Could you transcribe all of the data exactly and skip any pictures?

(Stored data)
- - - - -

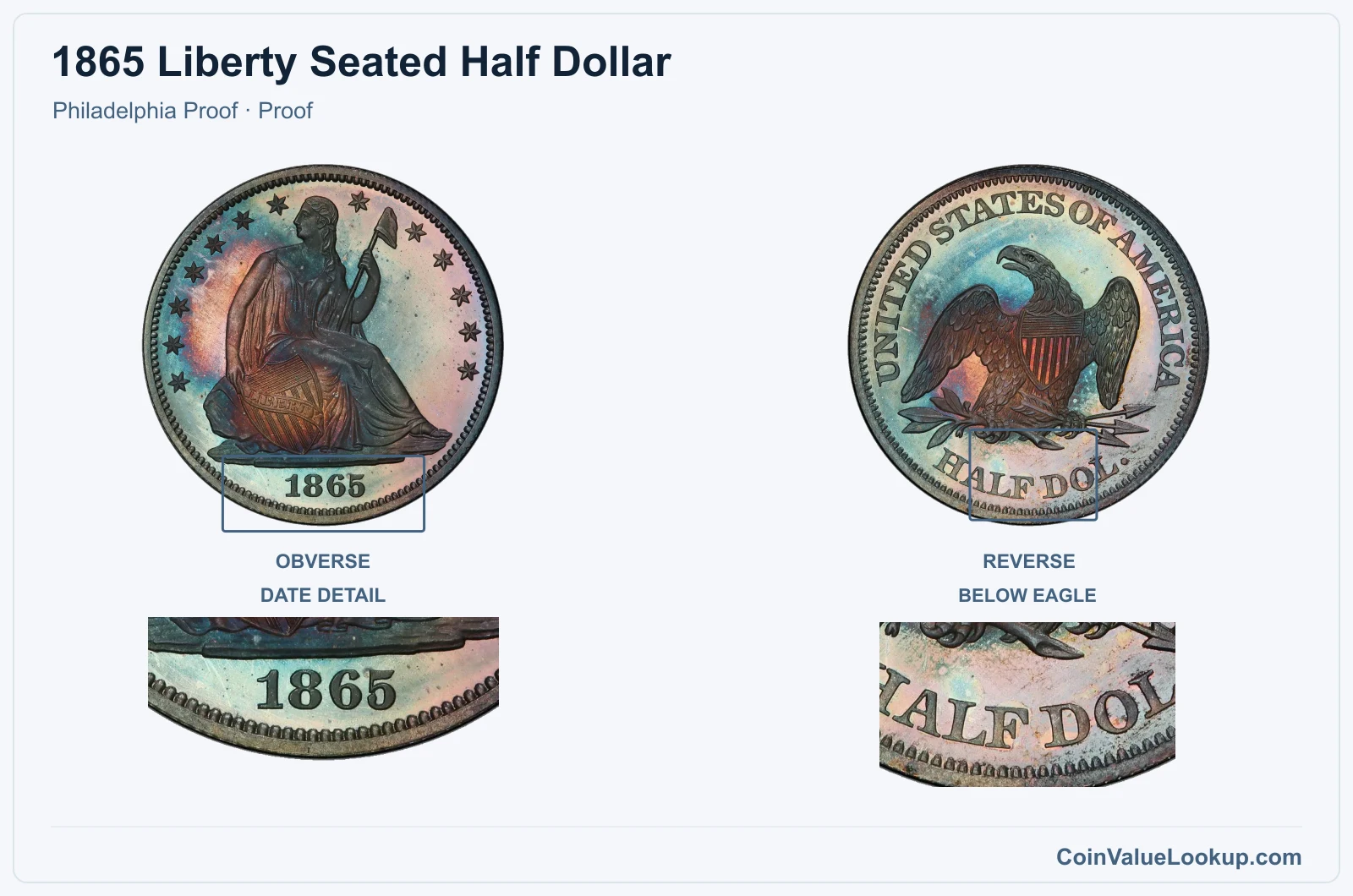 1865 Liberty Seated Half Dollar Coin — Philadelphia Proof, obverse and reverse, with date and mint-location details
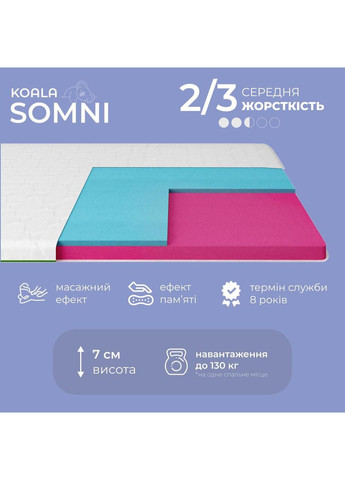 Топер ТМ Koala Somni 180х200 см (ISM-051220) iSmart (369401392)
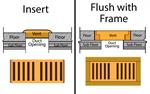Choose between the insert or flush with frame design. All ...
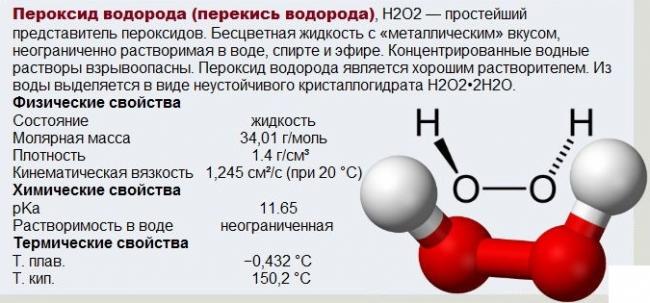 Лечение перекисью водорода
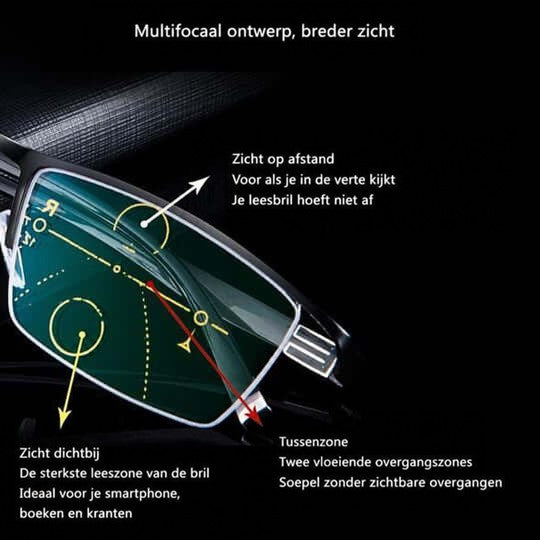 Close-up van een brilglas met pijlen en uitleg bij de zones voor veraf, op middenafstand en dichtbij. 2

- - - - -

## Written answer:
 1865 Liberty Seated Half Dollar Coin — Philadelphia Proof, obverse and reverse, with date and mint-location details
 Топер ТМ Koala Somni 180х200 см (ISM-051220) iSmart (369401392)
Choose between the insert or flush with frame design. All ...
 Лечение перекисью водорода
 Close-up van een brilglas met pijlen en uitleg bij de zones voor veraf, op middenafstand en dichtbij. 2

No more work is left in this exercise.